Performance company Corporeal Imago’s Gabrielle Martin and Jeremiah Hughes bring a fresh new choreographic language to Vancouver with their new ensemble piece

Throe. Photo by Chris Randle.

 
 
 

The Dance Centre presents Throe to November 19 at 8 pm at Scotiabank Dance Centre as part of The Dance Centre’s Global Dance Connections series; post-show artist talk-back takes place on November 18

 

IN AN EERIE fog otherwise surrounded by darkness, three dancers each climb up a thick black rope that seems to hang from the sky then twist their bodies high up in the air, winding up suspended, face down and folded at the waist, dangling like limp rag dolls. This is just one of countless striking images in Throe, now having its world premiere, by Vancouver performance company Corporeal Imago.

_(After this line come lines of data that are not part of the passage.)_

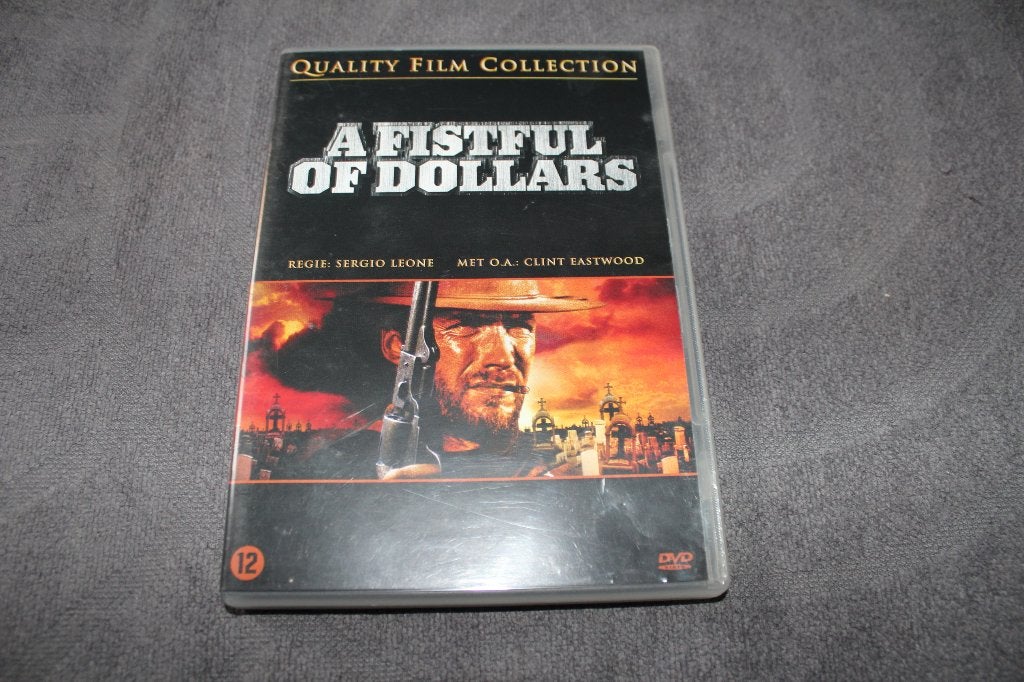 DVD A Fistful of Dollars, CD & DVD, DVD | Classiques, Anglais, Néerlandais, Utilisé, 1960 à 1980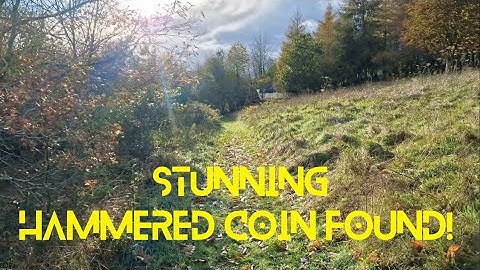 Metal Detecting In Devon, England: WE FOUND A SILVER HAMMERED COIN! 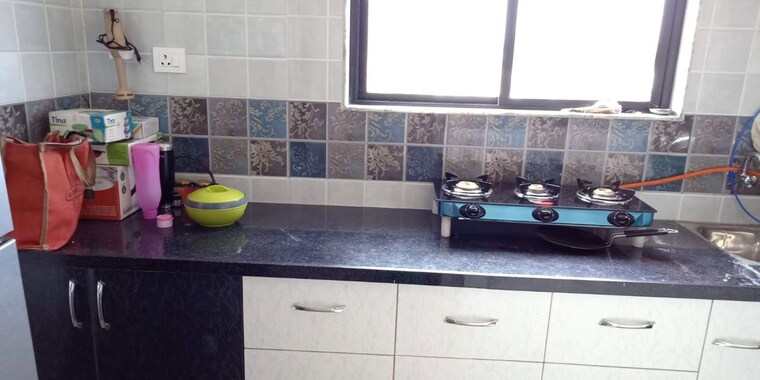 Kitchen, vasna 2 Bedroom 1100 Sq.Ft. Apartment In Vasna Ahmedabad 10246706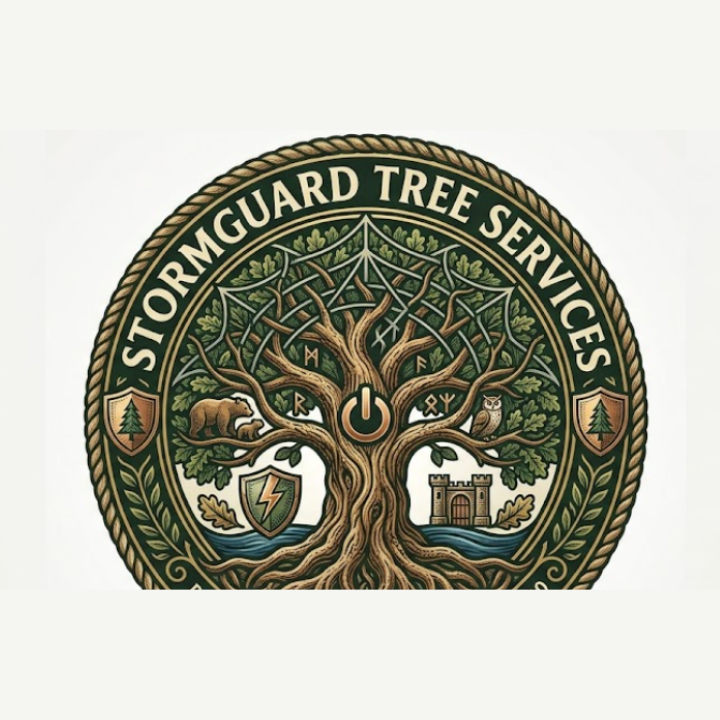 stormguard tree service logo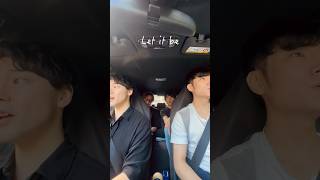 東京藝大卒ヴォーカルグループがドライブしながら歌ってみた【Let it be】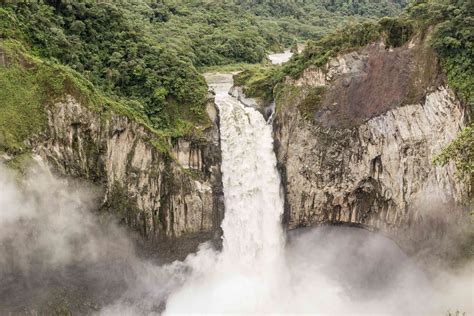 Why Did Ecuadors Largest Waterfall Disappear
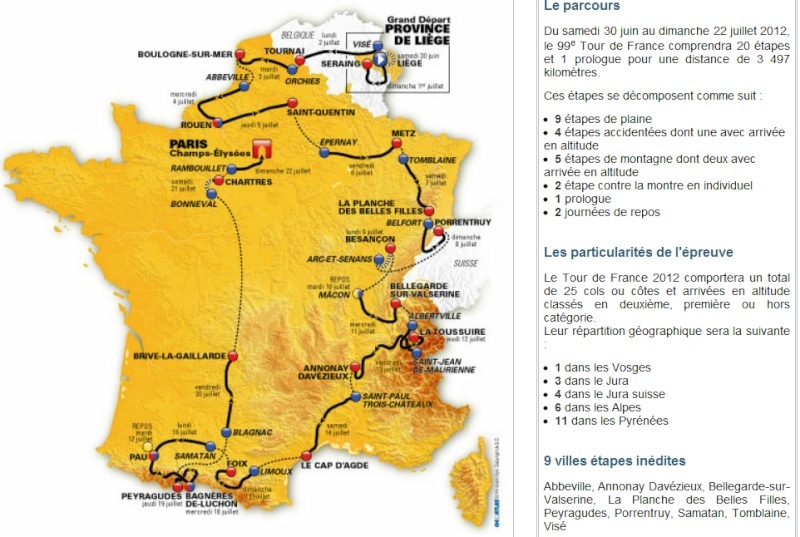 [Tour de France 2012] Parcou10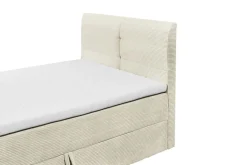 Boxspringbett Madeira Cream 120 x 200 cm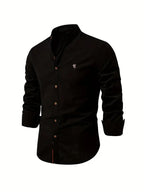 Levi | Stylish Shirt with Buttons - Image 13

By combining their training and expertise in aerial movement and contemporary dance and infusing it all with emotion, Gabrielle Martin and Jeremiah Hughes have created a fresh choreographic language all their own. It’s spellbinding. 

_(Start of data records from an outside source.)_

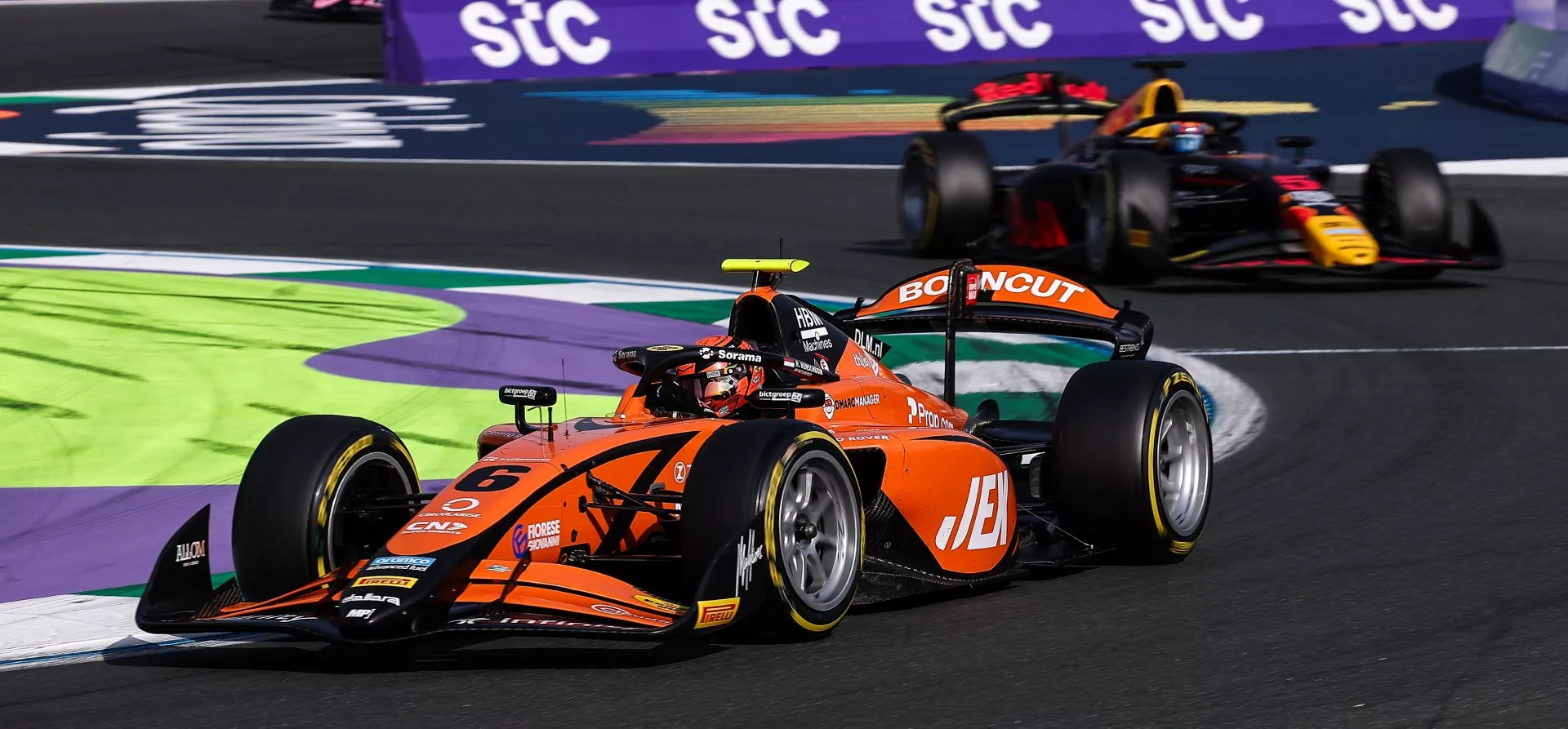 F2 car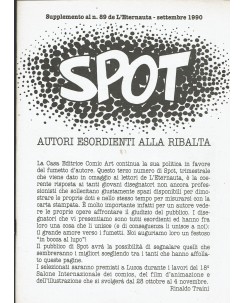 Spot suppl. l'Eternauta  89 ed. Comic  Art SU58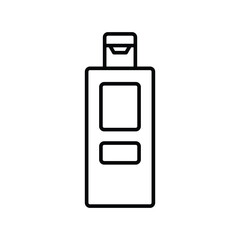 Shampoo icon vector design templates simple and modern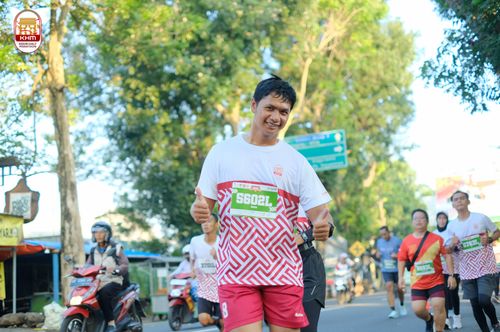 Race photo from Kediri Half Marathon 2024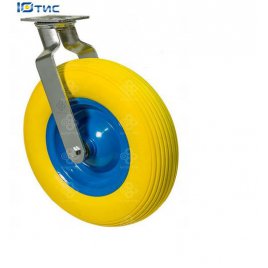 Колеса поворотные Серия 29 Norma High с крепежной панелью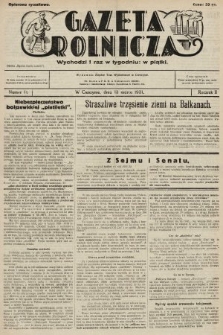 Gazeta Rolnicza. 1931, nr 11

The partners in art and life met while performing with Cirque du Soleil, and they’ve transferred their knowledge of aerial rope work to this ensemble of six local dancers: Marissa Wong, Brenna Metzmeier, Isak Enquist, Jeremiah Hughes, Alex Tam, and Eowynn Enquist. At times, the performers ascend the ropes solo, pausing up top to run in mid-air or bend one leg backward, it becoming a propellor as they begin to spin. At others they pair up, intertwining their limbs or folding their bodies over each other’s in a kind of gravity-defying game of Twister. Elsewhere, five of the artists line up on the floor, as if getting ready for tug-of-war, to hold a single rope taut at a 45-degree angle as another, sharply focused, slowly but surely makes his way up it. It’s as if he’s reaching for the very gates of heaven, or perhaps making his way out of hell, with everything in the balance. 

Not all of the movement takes place several feet above the stage; much of it is on the floor, though the ropes play a major role here too, dancers grasping them as they travel and tumble across it. The choreographers’ circus training shows up here as well, with the artists curling into shoulder stands or churning out cartwheels, albeit warped ones.

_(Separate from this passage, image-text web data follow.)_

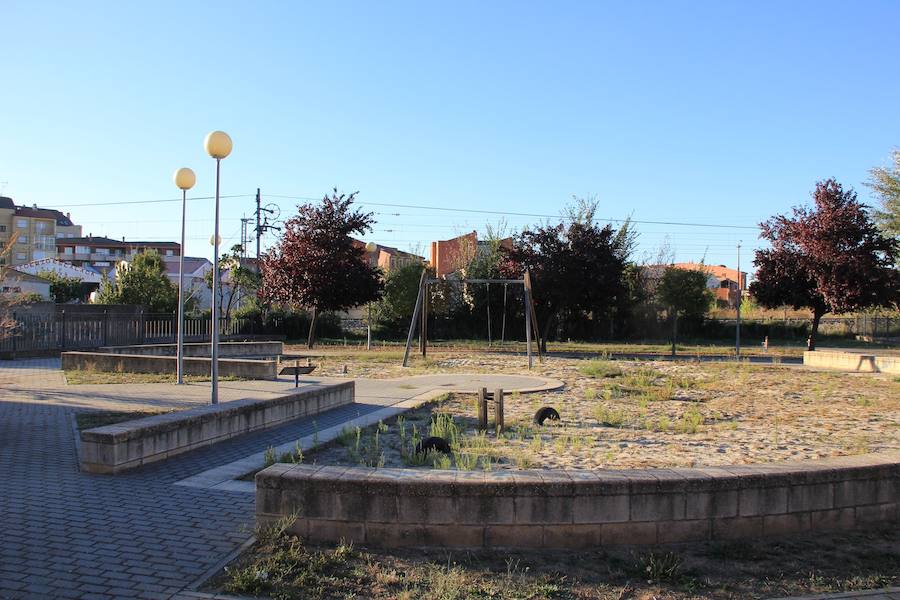 Actual parque infantil de Veguellina.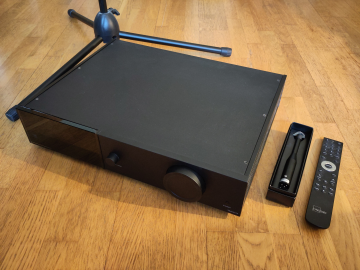 Lyngdorf TDAI-2170 med HDMI- & Analogmodul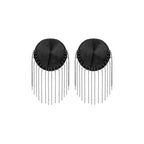 Obsessive Milladis nipple covers with silver beads O/S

Whether the dancers are firmly planted on the ground or swivelling skyward, they exude the work’s overall tone: there’s a sense of yearning, of searching, throughout. An uneasiness pervades their every move, even when they manage to imbue their fierce physicality with a certain softness. Often, they seem to be lost, their hands ever desperately reaching for or trying to hold on to someone.

Dramatically accentuating this combination of anxiety, vulnerability, and longing is Jo Hirabayashi’s score. It begins before the show has even started, a deep, foghornlike sound punctuating the theatre in short notes. The soundscape builds in intensity, sometimes hollow and echoey as if coming from inside a giant tube, at others tinged with industrial clangs. It envelops you, and it’s awesome. 

Sophie Tang’s lighting design is equally powerful. There’s a striking scene where a red searchlight travels from one side of the stage to the other and comes around again, circling like a lighthouse would; another memorable image comes when Tang illuminates a sole dancer in a bright shaft of white light; otherwise surrounded by pure darkness, he might as well be making his way to another galaxy. 

Costume designer Amy McDougall clothes the artists in neutral short-sleeve coveralls; they’re everypeople. Throe seems to ask: aren’t all of us full of uncertainty and desire?